Comment caractériser une entreprise omni-canal ?

Pour qu’une entreprise soit omnicanal, elle doit avoir développé un parcours client cohérent sur l’ensemble de ses canaux de vente. Le passage d’une structure multicanal à une structure omnicanal nécessite une transformation importante qui peut aller jusqu’à la création d’une entité spécifique au plus haut niveau de l’entreprise.

Pour l’accompagner, la DSI doit également se transformer et devenir Business Partner de cette nouvelle entité. Les choix d’investissements seront effectués ensemble pour respecter les exigences métiers et IT.
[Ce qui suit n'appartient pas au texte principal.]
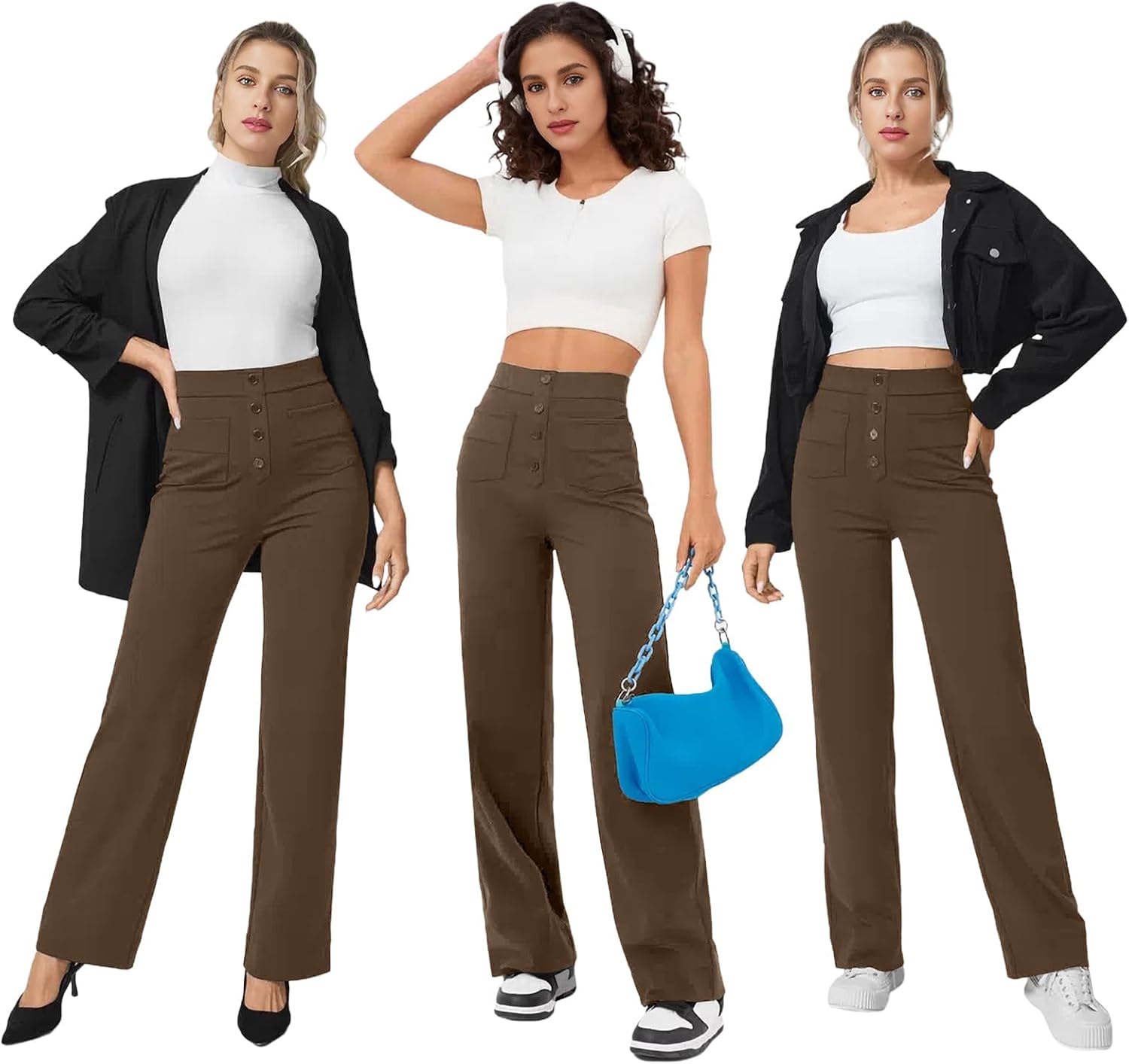 Thumbnail 4 de Glacspyg Yoga Pantalons Femmes Taille Haute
Une entreprise omnicanal doit être en capacité de proposer à ses clients une offre adaptée, personnalisée et évolutive, quel que soit le canal de vente ou de distribution. Le principe réside dans la continuité et la cohérence du parcours client d’un canal à l’autre. On parle alors de parcours client seamless (sans couture). Le client peut ainsi initialiser un panier d’achat sur un média (smartphone) et le poursuivre sur un autre (ordinateur, par exemple), voire le transférer à un membre de sa famille, à un groupe ou à une communauté, tout en conservant son historique de recherche et son identifiant.

Le terme omnicanal est également utilisé pour décrire le phénomène d’utilisation simultanée de deux canaux de vente, par exemple un smartphone dans un magasin ou une tablette devant la télévision. Ces démarches impliquent une cohérence des offres et un suivi des parcours client.
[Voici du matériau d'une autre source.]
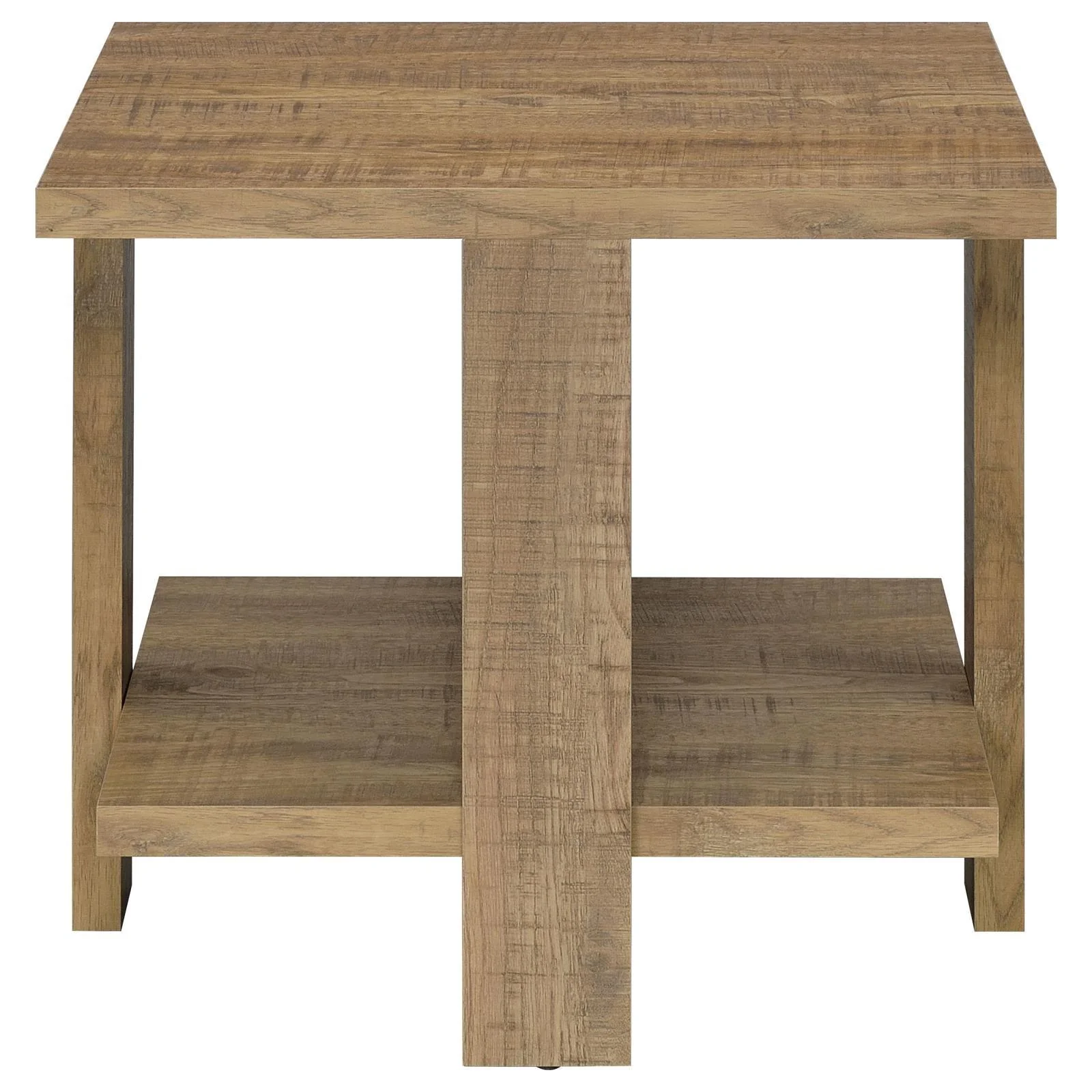 Dawn Mango Square Engineered Wood End Table With Shelf - Image 2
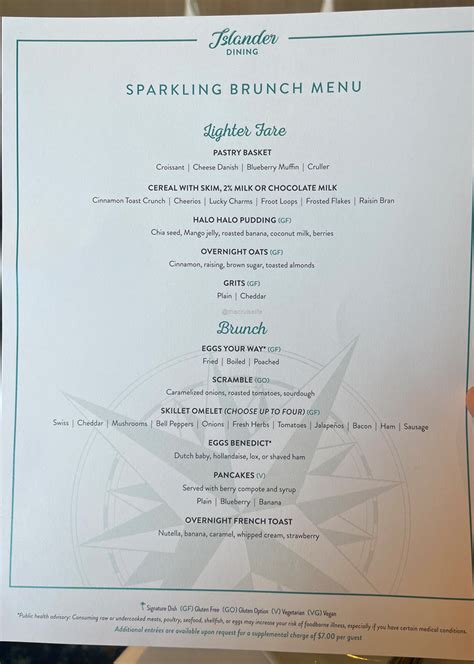 Sparkling Brunch Options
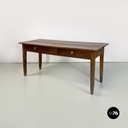 Tavolo da pranzo con cassetti in legno, 1940 ca. 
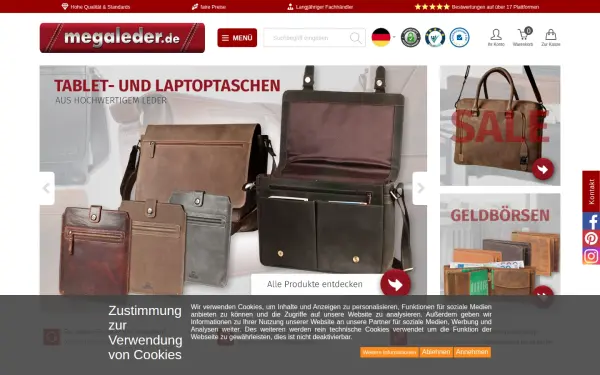 megaleder.de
La distribution historique : du monocanal au multicanal

Les retailers « historiques », issus le plus souvent du monde du magasin, ont une organisation tournée vers les magasins et les systèmes d’information le sont aussi. L’arrivée de la vente en ligne par le média Internet a amené ces retailers à adjoindre à leur canal de vente historique un ou plusieurs sites marchands. Devenus multicanal, ils ont pu ainsi en tester l’efficacité et entrer en concurrence avec les nouveaux entrants, souvent des pure players organisés avec des modèles logistiques, marketing et SI spécifiques, adaptés et développés en « nouvelles technologies ».
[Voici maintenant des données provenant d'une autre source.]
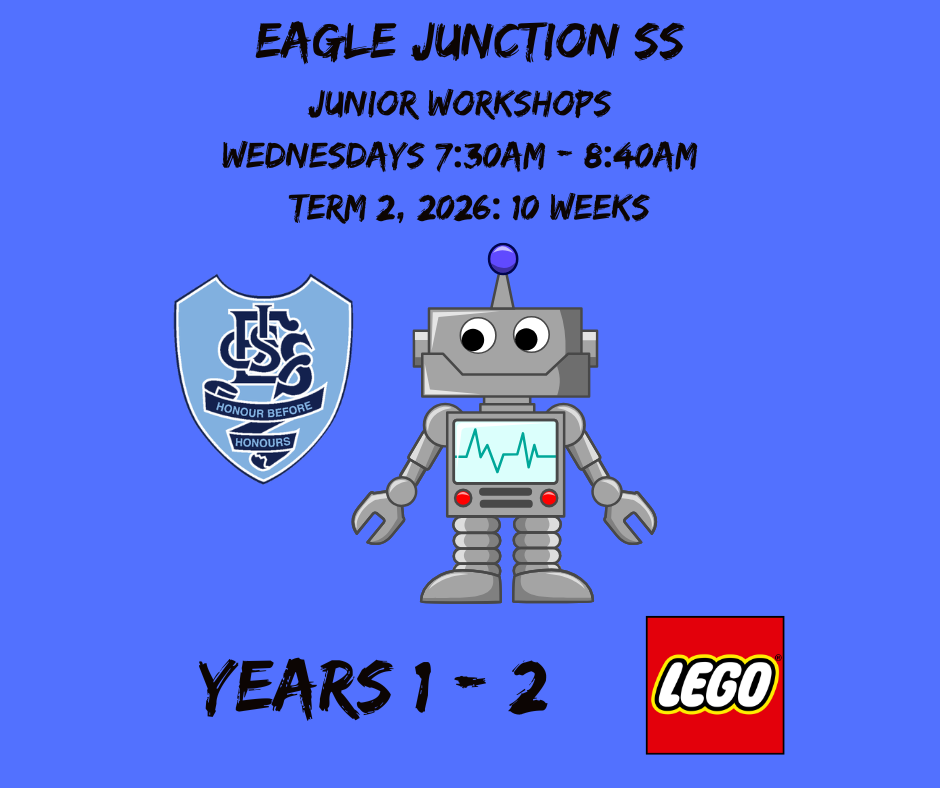 EJSS Junior Primary Workshops: Wednesday 7:30am – 8:40am, 8 Weeks remaining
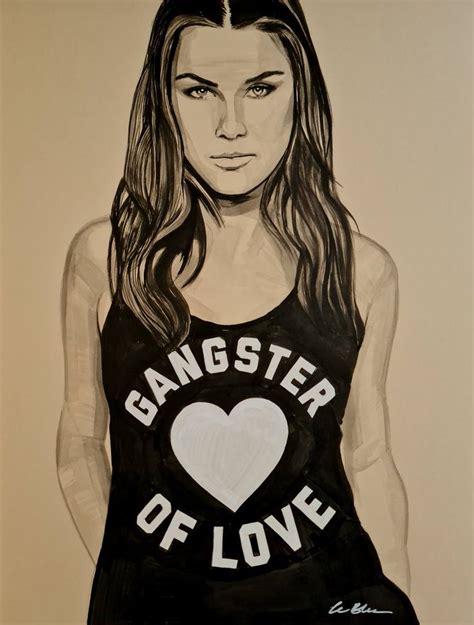 Gangster of Love Drawing by Gilles LeBlu | Saatchi Art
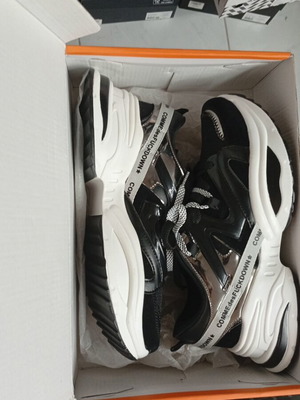 Come des FUCKDOWN* sneakers new, black and silver, size 42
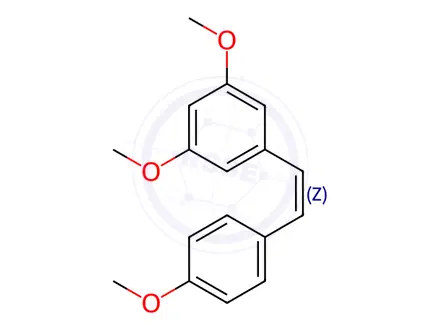 Chemical structure of Resveratrol Impurity 27 (cis-trismethoxy Resveratrol)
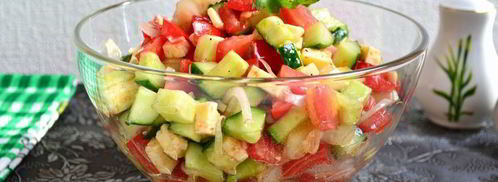 салат с брынзой и помидорами. Шаг 5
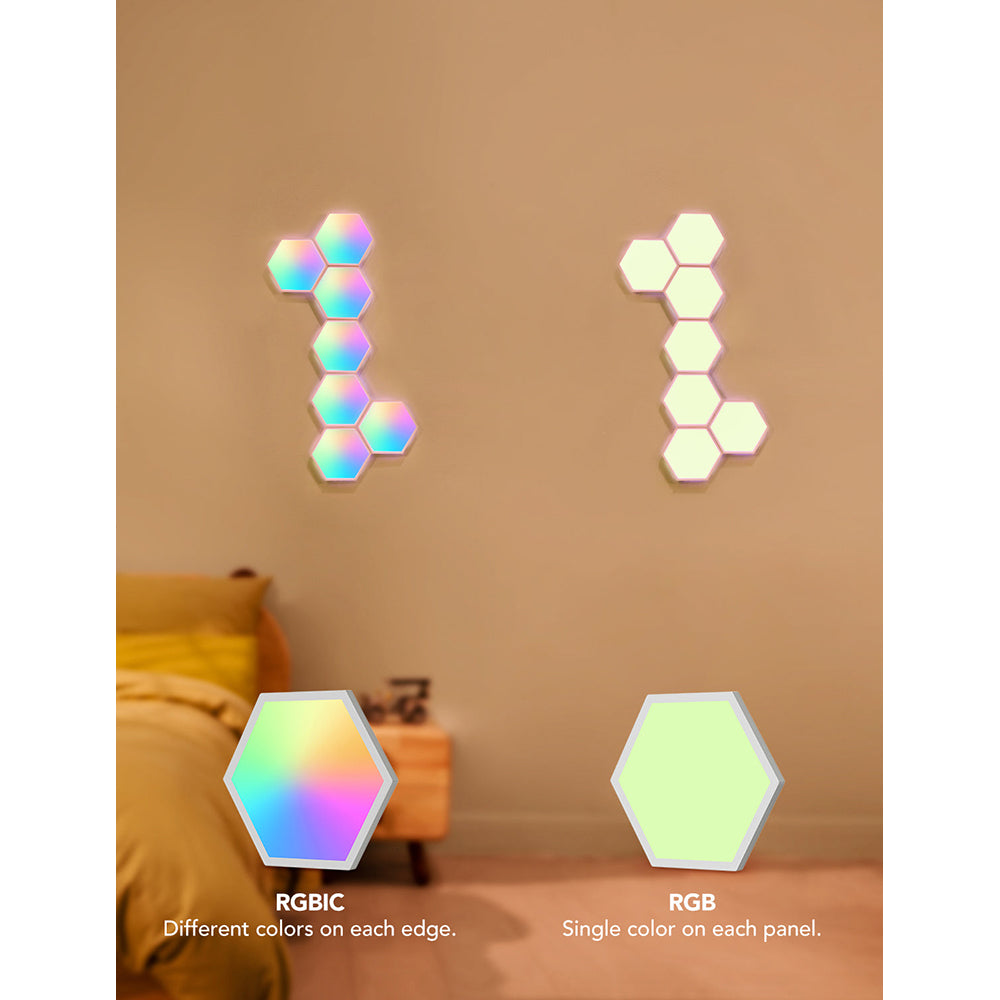 Govee Glide Hexa Light Panels Pack of 10 - Multicolour | B6061201-OF-UK from Govee - DID Electrical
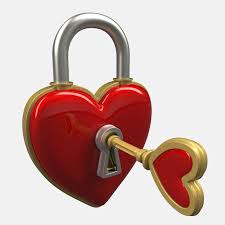 3d Heart Lock Key Model 3d Heart Heart Lock Heart Wallpaper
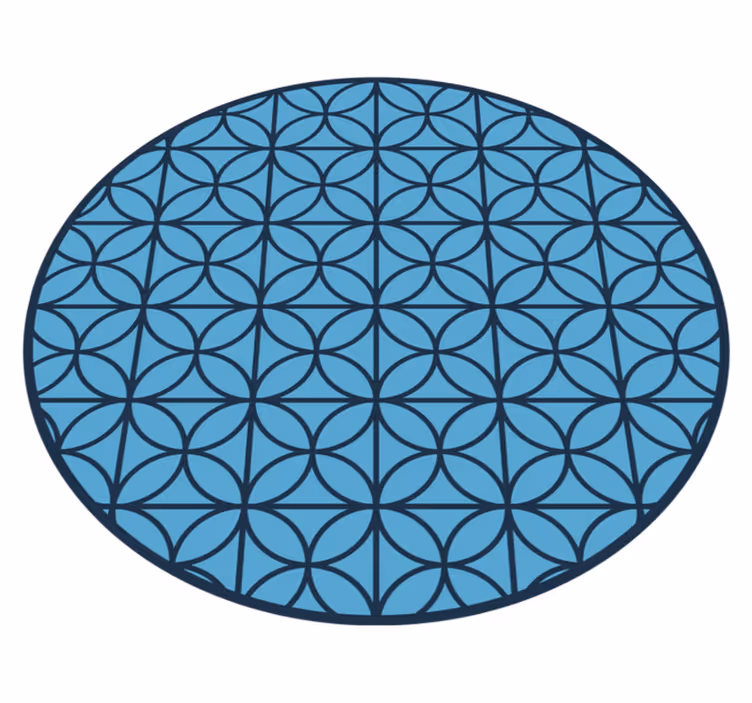 Tapis vinyle géométrique circulaire géométrique - TenStickers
L’augmentation de la puissance et des parts de marché des smartphones, a alors placé les retailers multicanal dans une situation équivoque. En effet, le client a désormais le moyen de vérifier la cohérence entre les différentes offres de ses marques préférées, directement sur les sites et au sein même des magasins. Les clients ont pris l’habitude de tout comparer ! Or, l’organisation et la cohérence des offres et des promotions ne sont pas toujours parfaitement alignées, les structures organisationnelles et les outils SI n’étant généralement ni communs, ni homogènes.

Les sites marchands portent le plus souvent leurs propres outils de gestion client (fidélité, pilotage des offres commerciales et référentiel). L’enseigne se retrouve ainsi, contre son gré, à ne plus être lisible et cohérente face à ses clients. Sans fusion des outils de connaissance clients (multitude de bases clients, différents systèmes de fidélité, etc.), elle n’est pas en mesure de réaliser des offres personnalisées plus efficaces et moins coûteuses que les offres globalisées.

Une entreprise demeurant dans cette position multicanal, tant dans son organisation interne et dans ses processus, que dans ses systèmes d’information, risque de créer un effet inverse de celui recherché par l’adjonction de canaux de vente en ligne : perdre en visibilité et proximité avec ses clients et donc engendrer un risque important sur l’image de la marque.

La mutation vers l’omnicanal

Arrive alors l’heure de la transition permettant de passer du multicanal à l’omnicanal. En termes de systèmes d’information, il s’agit de réorganiser l’ensemble du SI pour passer d’une organisation descendante classique (référentiel, supply chain, magasins et en parallèle les sites m- et e-commerce), à une organisation mettant le client en contact avec un front office cohérent, homogène et global.

Cette organisation doit être efficace et cohérente, quel que soit le canal de commande ou d’achat (magasin, site, mobile, drive…), et disposer de référentiels centraux, uniques et nativement compatibles avec l’ensemble des canaux de ventes. Les SI de production et de distributions doivent devenir, eux aussi, uniques et capables de piloter tous les flux (supply chain, promotion, contact client…).

Les retailers « historiques » vont donc passer par quatre phases successives pour évoluer vers la dernière : monocanal, multicanal, transition progressive par la numérisation et la relation unique client (la transformation) pour, enfin, atteindre l’omnicanal (voir graphique).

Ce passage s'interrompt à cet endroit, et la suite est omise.